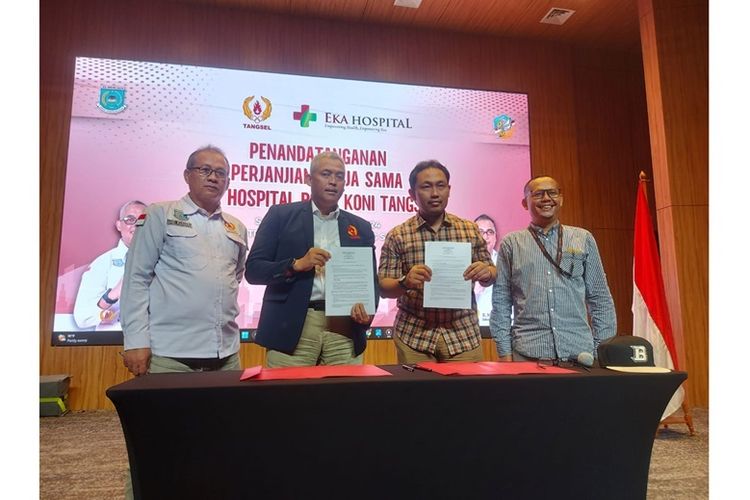 Penandatanganan MoU antara Eka Hospital BSD dengan Koni Kota Tangsel.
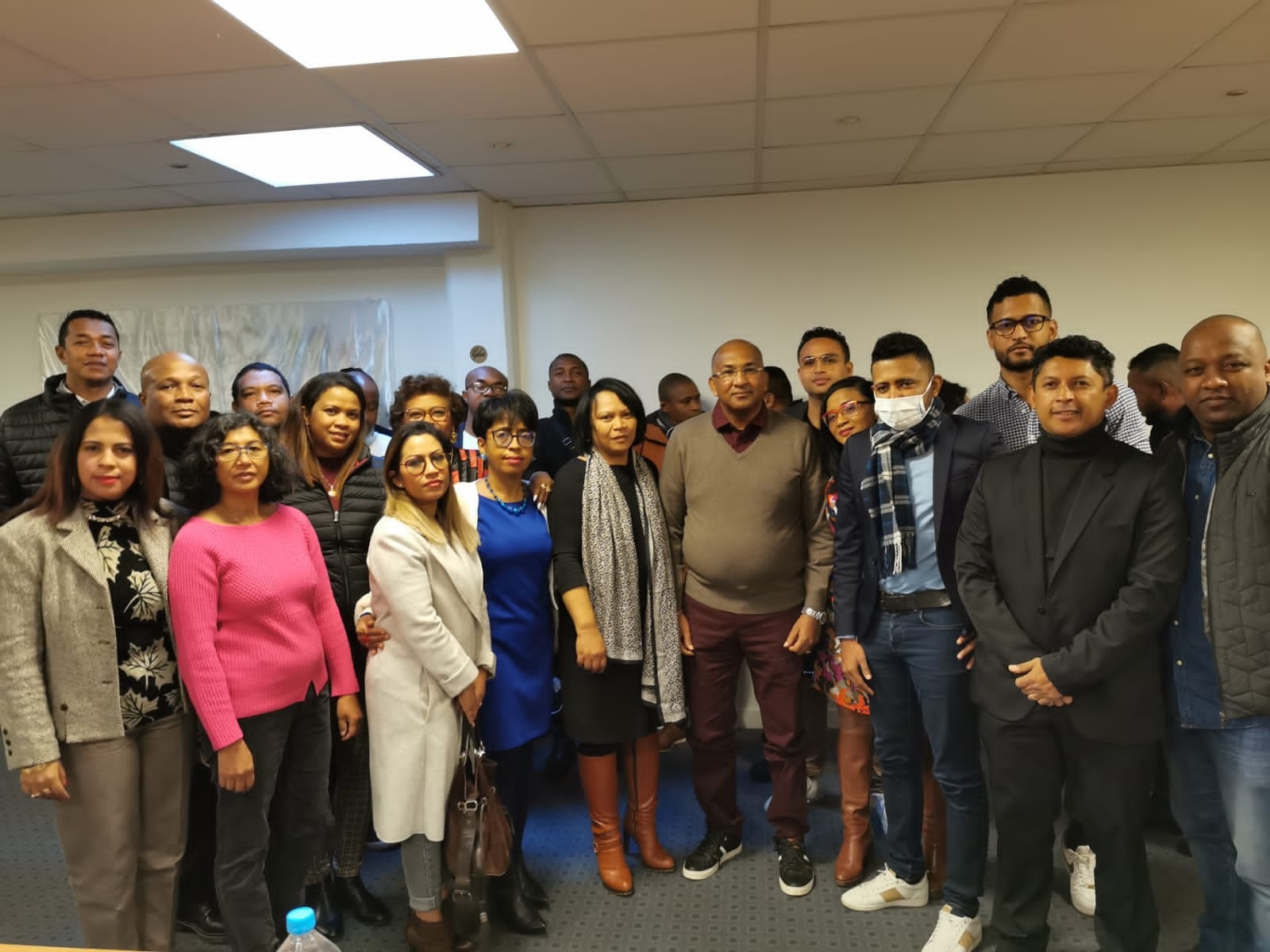 DIASPORA PARISY: FIHAONAN&rsquo;ANDRIAMATOA MINISITRA TAMIN&rsquo;IREO MPITANTANA SY MPITIA ARY MPANKAFY FANATANJAHANTENA.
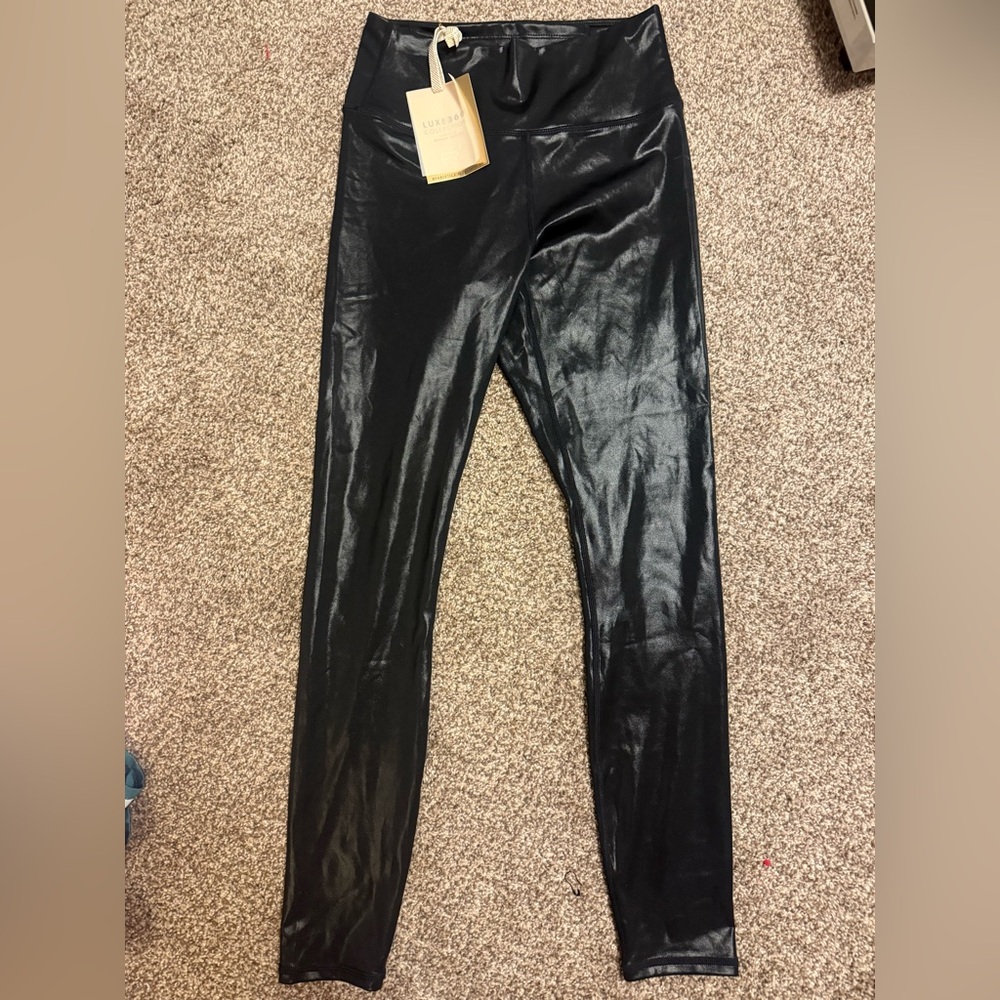 Fabletics Luxe360 Shiny Black Leggings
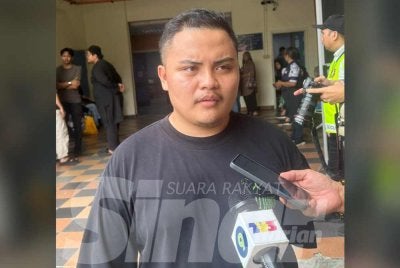 Muhammad Ammar ketika ditemui pemberita di pekarangan Unit Perubatan Forensik Hospital Selayang pada Jumaat.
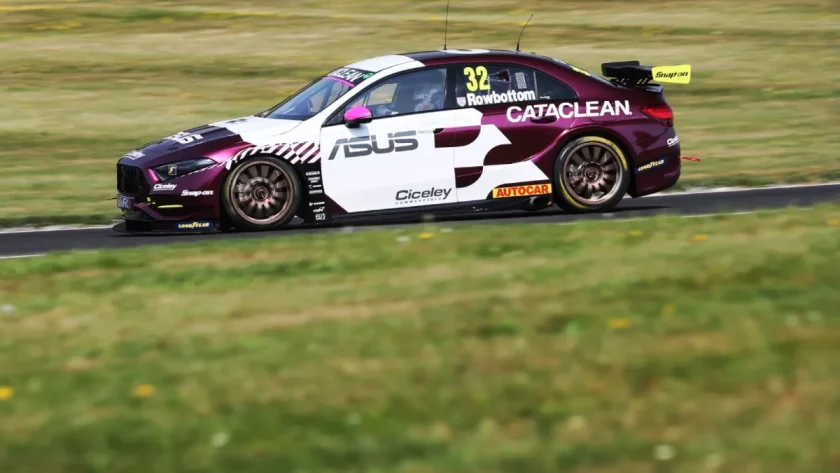 Driving Towards Redemption: Dan Rowbottom's Determined Quest for Success at BTCC Snetterton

> _PROBLEM_
In the data above, find the line with "Muhammad Ammar ketika" and repeat it and every line after it through the end, exactly; leave the pictures out.

> _WRITTEN REPLY_
 Muhammad Ammar ketika ditemui pemberita di pekarangan Unit Perubatan Forensik Hospital Selayang pada Jumaat.
 Driving Towards Redemption: Dan Rowbottom's Determined Quest for Success at BTCC Snetterton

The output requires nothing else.